En route too to a full examination of Einstein's love or otherwise of Britishness and his time here, we also get more than I would have assumed about his interactions with the Zionists building their own nation in between the World Wars. Don't get me wrong, this is all tied into the story – his pro-Zionist fundraising led to antagonism being multiplied in Germany, which of course sent him into Britannia's arms, even if only for a month or so here and there, but I felt this a little too completist and forensically academic in contrast to the book I thought I was getting. Still, before this can be claimed to be more about me than the book, it is still very readable – no wodges of notes interrupting the flow, for everything is in the core text – and succinctly full of great detail, such as the days when a full technical paper was displayed for the passing public in Selfridges' store windows, or how 1939 saw Princeton freshers vote Hitler above Einstein (by some considerable margin) as 'greatest living person', while Einstein was working as their very neighbour.

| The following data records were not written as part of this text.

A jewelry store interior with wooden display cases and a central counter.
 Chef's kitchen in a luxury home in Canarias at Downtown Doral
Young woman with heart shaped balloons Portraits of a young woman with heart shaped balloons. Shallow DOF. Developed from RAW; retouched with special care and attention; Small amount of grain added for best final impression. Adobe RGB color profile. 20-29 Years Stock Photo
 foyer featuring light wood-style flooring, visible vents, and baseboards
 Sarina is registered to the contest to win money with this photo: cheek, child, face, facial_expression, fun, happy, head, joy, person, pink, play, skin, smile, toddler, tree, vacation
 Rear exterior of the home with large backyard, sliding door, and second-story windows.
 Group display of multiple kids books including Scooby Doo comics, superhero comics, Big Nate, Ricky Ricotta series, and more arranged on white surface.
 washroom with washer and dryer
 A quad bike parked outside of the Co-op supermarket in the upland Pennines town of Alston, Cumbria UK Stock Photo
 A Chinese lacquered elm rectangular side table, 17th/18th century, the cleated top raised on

In all, I never objected to the contents here, but coming to this as Mister Average Browser I felt it a little too heavily on the academic side. A true classic non-fiction will make me think any spurious, trivial or serious minutia of history is worth a whole book on – these pages kind of proved that there was not a full, populist title to be had on this subject. Still, three and a half stars, with more deemed the verdict from the point of view of someone more able to engage so intimately with science history.